Monday, November 17, 2008

Movies: Quantum of Solace

Writing about Daniel Craig as Bond brings me, oddly enough, full circle—back to the exercise (at which I failed) that started me on this compulsive response writing: a challenge to review Casino Royale. I didn’t post it, but kept the unfinished draft on my laptop. The choice quote, I think, is this:

I positively loathe all Sean Connery Bond films, because I think Sean Connery is an apish thug who lacks the class and physical grace necessary to properly portray the character. But Daniel Craig has done what I thought impossible: he has swindled Sean Connery out of his uncontestable My Least Favorite Bond medal.

A second film in, Craig has failed to cultivate any suavity.
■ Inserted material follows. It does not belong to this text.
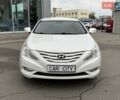 Белый Хендай Соната, объемом двигателя 2 л и пробегом 225 тыс. км за 8200 $, фото 1 на Automoto.ua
He remains the converse of Pierce Brosnan’s debonair hero, who was always a natural with the ladies. Craig, in those IPO khaki pants (the real Bond would never be caught dead. . .) with his renegade Dennis the Menace tuft of blond, spends most of his time mooning over some lost girlfriend, and only manages to tumble one set (though a lovely set she is). Even Connery would be ashamed.

But the grand failure of Quantum of Solace cannot be blamed fully on Craig: plenty of blame lies with director Marc Forster, who turns out to be incompetent when it comes to filming coherent action sequences (and if Bond is not about the urbane hero, it must be about the action). During each vehicular sequence (and there is a car chase, a boat chase, a plane chase, etc.—to the point that one waits and waits for the train sequence, and is then let down to find that the penultimate scene, which does take place in front of a rail yard, involves no action), the cuts are so fast and so poorly organized that one does not come away with a general understanding of what just happened. The effect is more of being in a car wreck than watching one—we cannot logically string together the interior shots of Craig driving with the exterior shots of his and his enemy’s car/boat/plane. The sound of crushing metal is loud and the scrapes and explosions are gritty—again, a kind of grit not appropriate to Bond (who is the kind of hero who doesn’t wrinkle his dinner jacket while fist-fighting, who is such a clever driver that his sports car escapes chases unscratched).

The final key to any Bond film is, of course, the Bond Girls. And the casting agents do not disappoint with the plump-lipped, doe-eyed Olga Kurylenko and the dishy, red-headed Gemma Arterton (whose naked body (or body-double) looks disturbingly fantastic clad in a coat of black oil). But shame on the stylists—why are Kurylenko’s breasts so immobilized in those tank tops? And who did Arterton’s matronly updo? And more shame on the screenwriter—since when is Bond too sensitive to soothe Cami with more than just a kiss?

Even if the girls are the end-all be-all of the film, a word must always be given to the villain as well. I don’t know whether to blame lazy screenwriters or Mathieu Amalric’s definitive role in The Diving Bell and the Butterfly, but I just couldn’t summon up any hatred for his character Dominic—a natural-resource capitalist wolf in green non-profit sheep’s clothing. And even the even badder guy, a dictator-cum-rapist who would sell out his own people for a buck and a fancy title, is such a hackneyed sketch that we can’t take him any more seriously than we might take the militants in Woody Allen’s Bananas.

So what do we have in the end? A very expensive, very noisy B-movie with A-movie fixings: gorgeous fireballs, pretty girls, and a disappointed audience.